▶ [Exercise prompt]: Under this task are some entries; return every one of them exactly.
-- Source data follows --
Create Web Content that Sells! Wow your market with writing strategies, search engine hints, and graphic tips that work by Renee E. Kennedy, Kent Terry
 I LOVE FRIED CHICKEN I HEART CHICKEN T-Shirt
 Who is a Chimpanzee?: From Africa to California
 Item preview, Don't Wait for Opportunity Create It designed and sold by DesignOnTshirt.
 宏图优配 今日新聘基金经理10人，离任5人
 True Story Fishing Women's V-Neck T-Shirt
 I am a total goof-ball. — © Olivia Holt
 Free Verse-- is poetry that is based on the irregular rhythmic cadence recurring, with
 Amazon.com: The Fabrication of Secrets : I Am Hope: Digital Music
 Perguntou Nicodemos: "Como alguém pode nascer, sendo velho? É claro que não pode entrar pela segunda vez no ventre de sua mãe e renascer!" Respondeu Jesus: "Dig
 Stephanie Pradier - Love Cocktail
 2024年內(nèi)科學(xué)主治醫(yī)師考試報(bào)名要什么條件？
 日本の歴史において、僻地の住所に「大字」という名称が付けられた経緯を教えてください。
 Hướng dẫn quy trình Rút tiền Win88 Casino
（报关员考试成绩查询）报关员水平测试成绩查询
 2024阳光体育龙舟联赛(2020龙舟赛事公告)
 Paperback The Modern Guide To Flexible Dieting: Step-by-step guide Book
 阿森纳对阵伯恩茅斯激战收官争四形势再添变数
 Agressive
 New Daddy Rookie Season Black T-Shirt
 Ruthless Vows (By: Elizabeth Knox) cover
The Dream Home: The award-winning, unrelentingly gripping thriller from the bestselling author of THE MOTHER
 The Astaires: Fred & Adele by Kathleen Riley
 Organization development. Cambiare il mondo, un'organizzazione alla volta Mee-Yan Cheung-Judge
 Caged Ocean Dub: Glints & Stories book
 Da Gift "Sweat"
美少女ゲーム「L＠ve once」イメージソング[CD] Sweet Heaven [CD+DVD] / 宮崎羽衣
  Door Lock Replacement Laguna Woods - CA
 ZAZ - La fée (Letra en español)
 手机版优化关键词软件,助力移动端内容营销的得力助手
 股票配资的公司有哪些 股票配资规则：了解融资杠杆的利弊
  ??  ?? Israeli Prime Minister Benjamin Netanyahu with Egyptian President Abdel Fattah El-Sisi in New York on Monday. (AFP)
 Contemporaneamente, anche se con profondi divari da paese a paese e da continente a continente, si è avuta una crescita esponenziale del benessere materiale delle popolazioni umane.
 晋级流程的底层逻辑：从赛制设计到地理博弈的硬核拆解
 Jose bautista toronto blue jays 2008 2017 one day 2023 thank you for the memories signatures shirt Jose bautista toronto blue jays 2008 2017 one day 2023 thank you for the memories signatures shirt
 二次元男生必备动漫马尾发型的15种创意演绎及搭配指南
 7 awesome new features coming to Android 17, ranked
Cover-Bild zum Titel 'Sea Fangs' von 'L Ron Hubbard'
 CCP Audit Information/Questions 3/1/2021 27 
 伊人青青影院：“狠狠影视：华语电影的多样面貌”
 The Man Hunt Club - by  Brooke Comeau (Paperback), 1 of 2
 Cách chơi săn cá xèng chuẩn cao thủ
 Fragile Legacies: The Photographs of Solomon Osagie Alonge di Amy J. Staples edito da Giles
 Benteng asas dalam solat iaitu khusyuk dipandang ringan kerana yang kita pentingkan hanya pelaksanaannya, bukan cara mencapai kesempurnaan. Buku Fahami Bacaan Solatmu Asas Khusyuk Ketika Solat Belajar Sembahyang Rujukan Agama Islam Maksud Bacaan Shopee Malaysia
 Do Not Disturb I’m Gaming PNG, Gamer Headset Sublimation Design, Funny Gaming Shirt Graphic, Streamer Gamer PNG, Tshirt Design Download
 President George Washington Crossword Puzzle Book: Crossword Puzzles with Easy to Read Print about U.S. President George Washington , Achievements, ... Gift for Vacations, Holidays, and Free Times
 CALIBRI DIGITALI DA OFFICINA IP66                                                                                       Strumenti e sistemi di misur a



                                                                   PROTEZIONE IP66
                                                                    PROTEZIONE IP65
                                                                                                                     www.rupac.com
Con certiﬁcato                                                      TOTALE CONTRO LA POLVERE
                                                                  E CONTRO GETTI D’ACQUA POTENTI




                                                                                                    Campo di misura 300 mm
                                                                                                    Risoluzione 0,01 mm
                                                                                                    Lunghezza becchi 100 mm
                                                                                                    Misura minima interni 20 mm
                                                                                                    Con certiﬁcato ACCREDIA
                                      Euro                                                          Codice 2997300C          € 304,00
-- Source data concluded --
▶ [Exercise response]:
Create Web Content that Sells! Wow your market with writing strategies, search engine hints, and graphic tips that work by Renee E. Kennedy, Kent Terry
 I LOVE FRIED CHICKEN I HEART CHICKEN T-Shirt
 Who is a Chimpanzee?: From Africa to California
 Item preview, Don't Wait for Opportunity Create It designed and sold by DesignOnTshirt.
 宏图优配 今日新聘基金经理10人，离任5人
 True Story Fishing Women's V-Neck T-Shirt
 I am a total goof-ball. — © Olivia Holt
 Free Verse-- is poetry that is based on the irregular rhythmic cadence recurring, with
 Amazon.com: The Fabrication of Secrets : I Am Hope: Digital Music
 Perguntou Nicodemos: "Como alguém pode nascer, sendo velho? É claro que não pode entrar pela segunda vez no ventre de sua mãe e renascer!" Respondeu Jesus: "Dig
 Stephanie Pradier - Love Cocktail
 2024年內(nèi)科學(xué)主治醫(yī)師考試報(bào)名要什么條件？
 日本の歴史において、僻地の住所に「大字」という名称が付けられた経緯を教えてください。
 Hướng dẫn quy trình Rút tiền Win88 Casino
（报关员考试成绩查询）报关员水平测试成绩查询
 2024阳光体育龙舟联赛(2020龙舟赛事公告)
 Paperback The Modern Guide To Flexible Dieting: Step-by-step guide Book
 阿森纳对阵伯恩茅斯激战收官争四形势再添变数
 Agressive
 New Daddy Rookie Season Black T-Shirt
 Ruthless Vows (By: Elizabeth Knox) cover
The Dream Home: The award-winning, unrelentingly gripping thriller from the bestselling author of THE MOTHER
 The Astaires: Fred & Adele by Kathleen Riley
 Organization development. Cambiare il mondo, un'organizzazione alla volta Mee-Yan Cheung-Judge
 Caged Ocean Dub: Glints & Stories book
 Da Gift "Sweat"
美少女ゲーム「L＠ve once」イメージソング[CD] Sweet Heaven [CD+DVD] / 宮崎羽衣
  Door Lock Replacement Laguna Woods - CA
 ZAZ - La fée (Letra en español)
 手机版优化关键词软件,助力移动端内容营销的得力助手
 股票配资的公司有哪些 股票配资规则：了解融资杠杆的利弊
  ??  ?? Israeli Prime Minister Benjamin Netanyahu with Egyptian President Abdel Fattah El-Sisi in New York on Monday. (AFP)
 Contemporaneamente, anche se con profondi divari da paese a paese e da continente a continente, si è avuta una crescita esponenziale del benessere materiale delle popolazioni umane.
 晋级流程的底层逻辑：从赛制设计到地理博弈的硬核拆解
 Jose bautista toronto blue jays 2008 2017 one day 2023 thank you for the memories signatures shirt Jose bautista toronto blue jays 2008 2017 one day 2023 thank you for the memories signatures shirt
 二次元男生必备动漫马尾发型的15种创意演绎及搭配指南
 7 awesome new features coming to Android 17, ranked
Cover-Bild zum Titel 'Sea Fangs' von 'L Ron Hubbard'
 CCP Audit Information/Questions 3/1/2021 27 
 伊人青青影院：“狠狠影视：华语电影的多样面貌”
 The Man Hunt Club - by  Brooke Comeau (Paperback), 1 of 2
 Cách chơi săn cá xèng chuẩn cao thủ
 Fragile Legacies: The Photographs of Solomon Osagie Alonge di Amy J. Staples edito da Giles
 Benteng asas dalam solat iaitu khusyuk dipandang ringan kerana yang kita pentingkan hanya pelaksanaannya, bukan cara mencapai kesempurnaan. Buku Fahami Bacaan Solatmu Asas Khusyuk Ketika Solat Belajar Sembahyang Rujukan Agama Islam Maksud Bacaan Shopee Malaysia
 Do Not Disturb I’m Gaming PNG, Gamer Headset Sublimation Design, Funny Gaming Shirt Graphic, Streamer Gamer PNG, Tshirt Design Download
 President George Washington Crossword Puzzle Book: Crossword Puzzles with Easy to Read Print about U.S. President George Washington , Achievements, ... Gift for Vacations, Holidays, and Free Times
 CALIBRI DIGITALI DA OFFICINA IP66                                                                                       Strumenti e sistemi di misur a



                                                                   PROTEZIONE IP66
                                                                    PROTEZIONE IP65
                                                                                                                     www.rupac.com
Con certiﬁcato                                                      TOTALE CONTRO LA POLVERE
                                                                  E CONTRO GETTI D’ACQUA POTENTI




                                                                                                    Campo di misura 300 mm
                                                                                                    Risoluzione 0,01 mm
                                                                                                    Lunghezza becchi 100 mm
                                                                                                    Misura minima interni 20 mm
                                                                                                    Con certiﬁcato ACCREDIA
                                      Euro                                                          Codice 2997300C          € 304,00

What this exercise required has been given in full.